BAKIM ELEMANI YETİŞTİRME VE GELİŞTİRME III - Ünite 7: Yaşlılıkta Beslenme ve Yutma Sorunları Özeti :

PAYLAŞ:

Ünite 7: Yaşlılıkta Beslenme ve Yutma Sorunları

Beslenme

Bireyin yaşam süreci sırasında gerek fiziksel gerekse zihinsel açıdan bağımsızlıktan bağımlı duruma geçtiği, çeşitli patolojilerin tek ya da birlikte bulunduğu bir yaşam dönemi olan yaşlılık, dünyada ve ülkemizde; doğum oranlarının düşmesi, tıbbi bakım, sanitasyon (hijyen koşullarının sağlanması), beslenme ve aşılama gibi koruyucu sağlık hizmetlerinin desteği, erken ölümlerin önlenmesi gibi nedenlerle yaşlı nüfusunda artış gözlemlenmektedir. Bazı ülkelerde, 60 yaş bazılarında ise 65 yaş sınırı yaşlılık sınırı olarak kabul edilmekte; bağımlılığa geçişi ise 75 yaş olarak kabul görmektedir.

Beslenme, vücut için gerekli besin maddelerinin alınması durumudur. Yetersiz beslenme, herhangi bir besin ögesinin veya ögelerinin vücudun gereksiniminden daha az alınması sonucu yeterli enerjinin alınmaması ve bu nedenle vücut dokularının yapılanamaması, yıpranması, bozulması durumudur.

Sağlıklı beslenmenin;

  1. Homeostazı korumak (Homeostaz, vücudun iç ortamının normal şartlar çerçevesinde dengede tutulması işlemidir.
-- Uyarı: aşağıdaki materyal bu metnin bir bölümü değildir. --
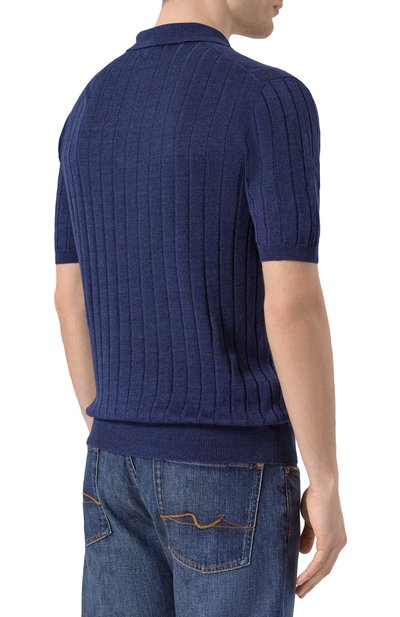 Поло изо льна и хлопка BOGLIOLI, арт. 91303/SB5808, фото 4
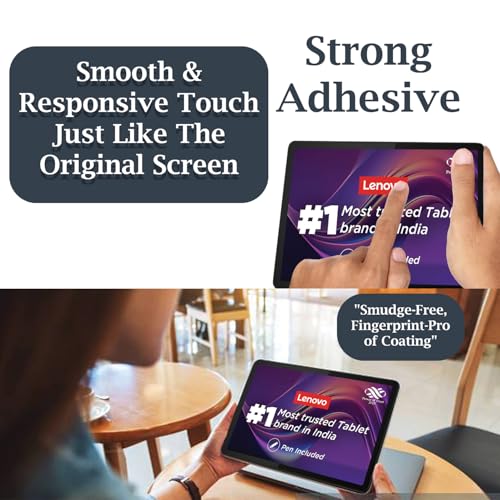 Image of Tough Lee Tempered Glass Screen Guard Protector for Lenovo Tab M11-11 inch /For Lenovo Idea Tab 11 inch 2025 (Anti Scratch, FingerPrint, SmudgeProof) (with Easy Installation Kit) (Pack of 1)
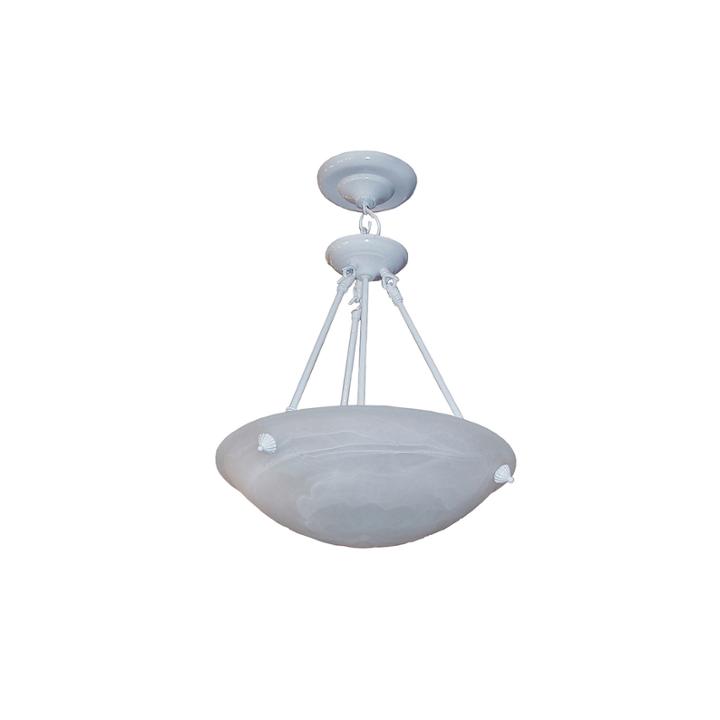 Alana 3-light White Chandelier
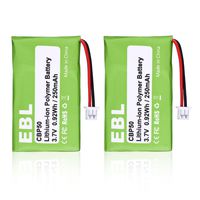 EBL 2 Pack 65358-01 Repalcement Battery for Plantronics CS-50 CS-55 CS50-USB CS-60 64327-01 64399-01 HL10 PL-64399-01 CBP50 Replacement Battery Wireless Headset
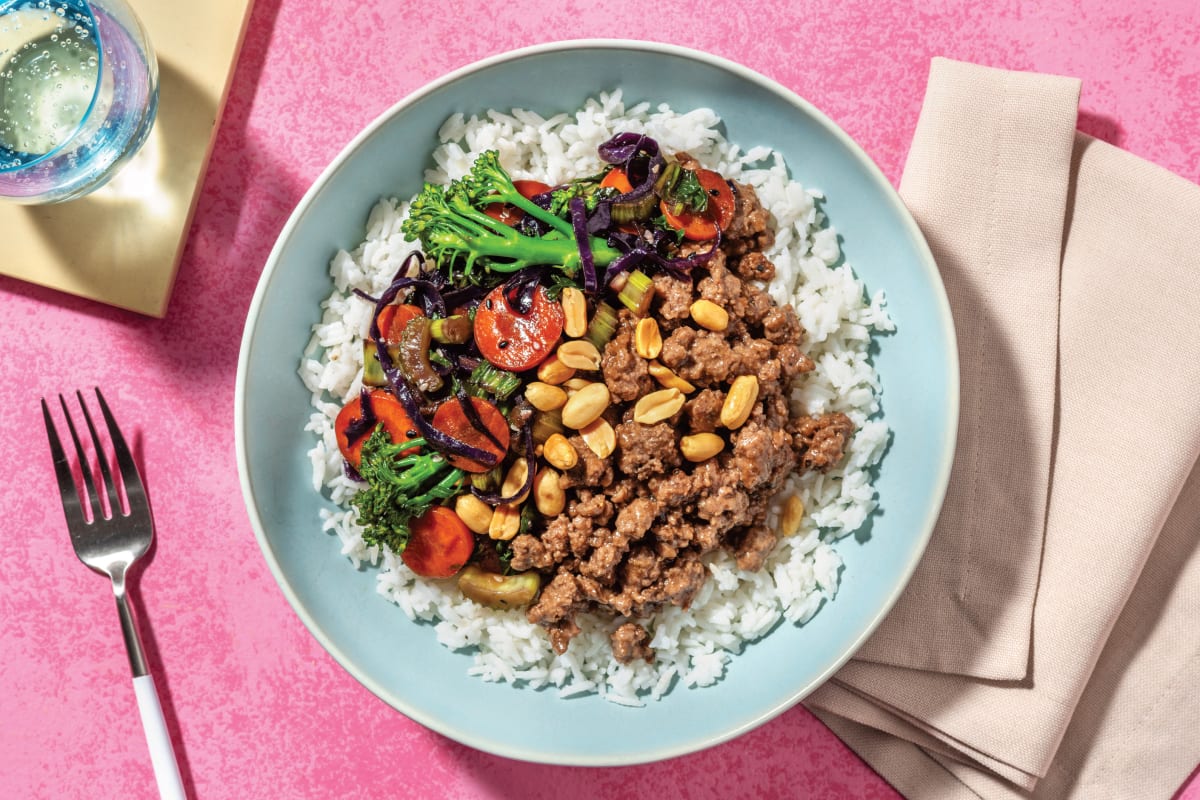 Quick Oyster Sauce Beef & Pork Stir-Fry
Hücre ve dokuların birleşenleri sürekli kullanılır ve vücudun iç çevresinde uygun sınırlar içinde sürdürebilmesi için tekrar yerlerine konulmalıdır. Gereken yapı taşlarının sağlanması ve ısı-elektrolit asit baz dengesinin sürdürülmesi için de her gün belirli besin maddelerin alınması gereklidir.)
  2. Büyüme ve üremeyi sağlamak (yeni dokular oluşturma)
  3. Enerji gereksinimini sağlamak gibi üç temel işlevi vardır.

Yaşlılıkta Alınması Gereken Enerji ve Besin Miktarları: Enerji gereksinimi ; yaşlılıkta yetişkinlik dönemine göre azdır. Ama hastalıklar, sakatlanmalar ve kırıklar gibi bireye özel durumlar artabilir. Bu gibi özel durumlarda enerji ihtiyacı da artar. Yetişkinlerde cinsiyet farkı gözetmeksizin, kalori gereksinimi 51-65 yaş arası bireyler için 1800/2200, 65 yaş üstü için 1700/1900 olarak öngörülmektedir (Uncu,2003; Güleç ve Tekbaş,1997).

Birey yetersiz beslenirse “kronik beslenme yetersizliği” denilen durum oluşur; bu durum kronik hastalıkların görülme sıklığını ve bu hastalıklara bağlı ölümleri arttırır.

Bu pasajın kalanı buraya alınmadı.